Trace replay operates on two dimensions:
- Request Timing: Controls when requests are sent by replaying the original timing pattern from the trace
- Request Sizing: Controls the number of input/output tokens in each request
To replay both timing and token counts from a trace file, you need to configure both the load and data sections:
Load Configuration - Replays the request timing pattern:
load:
type: trace_replay
trace:
file: ./traces/traces.csv
format: AzurePublicDatasetData Configuration - Trace replay feature is only supported for random data generator. Matches the token counts from the trace:
data:
type: random
trace:
file: ./traces/traces.csv
format: AzurePublicDatasetThe AzurePublicDataset format is a CSV file with the following columns:
TIMESTAMP, ContextTokens, GeneratedTokens
For example:
2023-01-01 00:00:00.000, 150, 200
2023-01-01 00:00:05.500, 300, 150
The trace reader normalizes timestamps to start from 0, so only the relative timing between requests matters.

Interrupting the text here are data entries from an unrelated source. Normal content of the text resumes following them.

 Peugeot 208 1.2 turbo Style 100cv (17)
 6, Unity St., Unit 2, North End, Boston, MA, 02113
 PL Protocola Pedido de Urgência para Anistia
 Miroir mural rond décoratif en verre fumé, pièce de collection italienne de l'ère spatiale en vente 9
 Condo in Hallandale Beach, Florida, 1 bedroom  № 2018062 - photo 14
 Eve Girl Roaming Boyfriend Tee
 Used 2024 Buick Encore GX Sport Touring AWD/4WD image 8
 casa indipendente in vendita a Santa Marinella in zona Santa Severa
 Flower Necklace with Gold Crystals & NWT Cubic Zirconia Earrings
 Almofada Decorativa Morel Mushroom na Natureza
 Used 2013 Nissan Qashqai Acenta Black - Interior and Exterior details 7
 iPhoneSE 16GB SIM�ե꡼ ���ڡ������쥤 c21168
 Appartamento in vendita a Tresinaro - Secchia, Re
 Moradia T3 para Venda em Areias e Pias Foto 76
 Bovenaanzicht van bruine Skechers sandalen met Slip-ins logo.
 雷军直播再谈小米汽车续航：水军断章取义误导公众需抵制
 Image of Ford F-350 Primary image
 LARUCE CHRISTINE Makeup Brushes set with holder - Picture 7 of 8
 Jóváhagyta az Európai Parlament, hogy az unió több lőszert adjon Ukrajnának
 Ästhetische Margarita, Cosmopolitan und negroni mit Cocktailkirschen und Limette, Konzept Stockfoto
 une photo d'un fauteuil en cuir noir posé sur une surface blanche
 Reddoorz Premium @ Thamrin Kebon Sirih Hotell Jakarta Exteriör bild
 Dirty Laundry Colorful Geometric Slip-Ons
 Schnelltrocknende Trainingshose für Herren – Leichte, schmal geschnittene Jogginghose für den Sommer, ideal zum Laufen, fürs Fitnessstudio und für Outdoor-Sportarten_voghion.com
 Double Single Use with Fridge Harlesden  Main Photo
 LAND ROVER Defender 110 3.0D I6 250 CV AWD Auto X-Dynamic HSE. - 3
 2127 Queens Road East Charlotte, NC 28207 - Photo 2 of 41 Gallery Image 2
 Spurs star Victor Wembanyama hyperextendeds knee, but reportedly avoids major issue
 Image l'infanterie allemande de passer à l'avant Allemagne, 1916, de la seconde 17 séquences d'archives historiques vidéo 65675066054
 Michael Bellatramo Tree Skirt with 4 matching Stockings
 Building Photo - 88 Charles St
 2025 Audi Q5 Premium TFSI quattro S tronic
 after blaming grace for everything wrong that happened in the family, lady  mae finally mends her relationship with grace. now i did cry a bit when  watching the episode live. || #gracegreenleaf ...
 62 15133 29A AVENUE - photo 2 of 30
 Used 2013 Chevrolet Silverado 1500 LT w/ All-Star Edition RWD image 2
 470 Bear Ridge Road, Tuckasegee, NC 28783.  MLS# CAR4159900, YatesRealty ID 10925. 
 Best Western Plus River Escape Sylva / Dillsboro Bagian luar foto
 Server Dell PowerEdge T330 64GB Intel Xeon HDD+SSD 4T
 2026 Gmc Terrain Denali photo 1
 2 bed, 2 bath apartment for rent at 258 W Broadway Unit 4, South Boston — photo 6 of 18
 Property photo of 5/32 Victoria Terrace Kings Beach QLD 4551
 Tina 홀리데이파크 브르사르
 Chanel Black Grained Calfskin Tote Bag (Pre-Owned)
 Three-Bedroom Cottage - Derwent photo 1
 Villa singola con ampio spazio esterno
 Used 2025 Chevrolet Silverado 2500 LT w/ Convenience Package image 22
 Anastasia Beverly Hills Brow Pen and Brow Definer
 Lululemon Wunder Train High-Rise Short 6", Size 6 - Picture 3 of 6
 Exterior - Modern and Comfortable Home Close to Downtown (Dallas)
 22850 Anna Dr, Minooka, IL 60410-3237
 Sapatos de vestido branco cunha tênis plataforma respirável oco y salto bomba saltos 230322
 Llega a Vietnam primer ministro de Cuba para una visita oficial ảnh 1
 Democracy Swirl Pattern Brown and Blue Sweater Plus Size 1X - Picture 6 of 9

You can observe how accurate the tool is generating your desired load by looking at few things:
- You can look at the config printed by inference-perf on startup to see what values were set for concurrency.
load:
type: constant
interval: 1.0
stages:
- rate: 1.0
duration: 30
sweep: null
num_workers: 8
worker_max_concurrency: 100
worker_max_tcp_connections: 2500
- You can look at the report to find the request rate (qps) achieved by the tool in sending the requests and the scheduling delay of how long the once queued a request had to wait. Ideally scheduling delay should be low (median delay should be less than 10 milliseconds) and the achieved rate should be very close to the specified rate for a fully accurate run.
"load_summary": {
"count": 30,
"schedule_delay": {
"mean": 0.0013255793989325564,
"min": -0.00017004436813294888,
"p0.1": -0.0001657977499999106,
"p1": -0.00012757818680256605,
"p5": -9.93020366877317e-06,
"p10": 0.00017018378712236888,
"p25": 0.000747388694435358,
"median": 0.001130684744566679,
"p75": 0.0018416460952721536,
"p90": 0.0025742141995579006,
"p95": 0.0027860384550876917,
"p99": 0.0039429504936561,
"p99.9": 0.004365706989075994,
"max": 0.004412679933011532
},
"send_duration": 29.60411316808313,
"requested_rate": 1.0,
"achieved_rate": 1.0133726968840155
},
If you notice issues with the delay or achieved rate, that means the benchmarking machine or the concurrency parameters need to be tweaked further.